October 22 @ 1:30 pm - 2:30 pm MDT
Title: FALCON: Framework for Anomaly Detection in Industrial Control Systems
Program: Master of Science in Computer Science
Advisor: Dr. Hoda Mehrpouyan, Computer Science
Committee Members: Dr. Catherine Olschanowsky, Computer Science, Dr. Casey Kennington, Computer Science, and Stephen Reese, Idaho National Laboratory
“Industrial Control Systems (ICS) are used to control physical processes in the nation’s critical infrastructures. They are composed of subsystems that control physical processes by analyzing the information received from the sensors. Based on the state of the process, the controller issues control commands to the actuators. These systems are utilized in a wide variety of operations such as water treatment plants, power, and manufacturing, etc. While safety and security of these systems are of high concern, recent reports have shown an increase in targeted attacks that are aimed at manipulating the physical processes to cause catastrophic consequences. This emphasizes the need for algorithms and tools that provide resilient and smart attack detection, and risk analysis mechanisms to protect the ICS.
To address this need for resiliency, this thesis designs and develops an anomaly detection and risk analysis framework for ICS. The proposed anomaly detection methodology utilizes dilated Convolution and Long-Short Term Memory (LSTM) layers to learn temporal as well as long term dependencies from sensors/actuators data in ICS. This data is passed through a unique feature engineering pipeline where wavelet transformation is utilized on the sensor signals to extract additional features. Additionally, this thesis explores four different variations of supervised deep learning models, as well as an unsupervised one class Support Vector Machine (SVM) model for this problem. Furthermore, an empirical analysis of a single monolithic model for all sensors/actuators in ICS vs distributed models for each segmented process is carried out.

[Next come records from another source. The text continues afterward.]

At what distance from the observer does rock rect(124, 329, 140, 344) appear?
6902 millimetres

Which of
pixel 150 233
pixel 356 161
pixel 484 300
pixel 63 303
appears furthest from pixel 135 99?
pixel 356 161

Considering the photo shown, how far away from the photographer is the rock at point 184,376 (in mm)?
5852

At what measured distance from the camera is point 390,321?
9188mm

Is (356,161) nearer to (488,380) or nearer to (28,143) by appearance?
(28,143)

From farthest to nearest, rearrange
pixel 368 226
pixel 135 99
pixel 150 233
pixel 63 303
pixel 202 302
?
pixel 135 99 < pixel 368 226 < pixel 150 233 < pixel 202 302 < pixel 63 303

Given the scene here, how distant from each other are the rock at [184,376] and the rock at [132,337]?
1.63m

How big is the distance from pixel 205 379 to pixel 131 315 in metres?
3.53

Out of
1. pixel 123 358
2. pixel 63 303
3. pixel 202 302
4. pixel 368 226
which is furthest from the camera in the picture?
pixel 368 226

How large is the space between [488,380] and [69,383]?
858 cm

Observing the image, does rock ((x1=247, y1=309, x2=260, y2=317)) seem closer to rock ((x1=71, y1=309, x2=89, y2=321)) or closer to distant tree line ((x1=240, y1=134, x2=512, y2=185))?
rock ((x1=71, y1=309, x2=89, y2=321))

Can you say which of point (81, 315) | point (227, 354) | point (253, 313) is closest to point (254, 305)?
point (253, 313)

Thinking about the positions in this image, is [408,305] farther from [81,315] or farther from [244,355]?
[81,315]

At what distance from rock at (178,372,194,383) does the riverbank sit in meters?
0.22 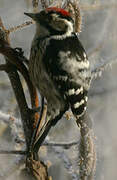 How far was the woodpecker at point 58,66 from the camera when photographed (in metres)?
1.68

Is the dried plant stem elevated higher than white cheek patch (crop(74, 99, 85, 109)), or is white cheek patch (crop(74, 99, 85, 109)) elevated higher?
white cheek patch (crop(74, 99, 85, 109))

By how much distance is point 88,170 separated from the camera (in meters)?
1.48

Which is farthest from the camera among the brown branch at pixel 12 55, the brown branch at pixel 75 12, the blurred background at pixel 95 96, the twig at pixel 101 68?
the blurred background at pixel 95 96

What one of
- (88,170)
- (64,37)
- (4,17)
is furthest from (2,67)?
(4,17)

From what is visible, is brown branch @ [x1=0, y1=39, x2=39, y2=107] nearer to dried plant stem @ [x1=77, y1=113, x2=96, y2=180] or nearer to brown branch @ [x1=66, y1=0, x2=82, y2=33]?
dried plant stem @ [x1=77, y1=113, x2=96, y2=180]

The proposed methodology is validated utilizing sensors/actuators normal and attack data from a miniature water treatment plant known as Secure Water Treatment (SWaT) testbed. The results of our experiments show improvement over existing state-of-the-art anomaly detection algorithms with higher performance than the baselines set previously. Further, monolithic models trained on entire processes in ICS performed better than the distributed models due to their ability to learn global relationships within the data. Along with an anomaly detection methodology, this thesis also presents a Petri Net (PN) model for analyzing risks within the system. Reachability analysis on Petri Nets is conducted to identify the transitions and sensors and actuators’ values that could result in potential risks within the processes.”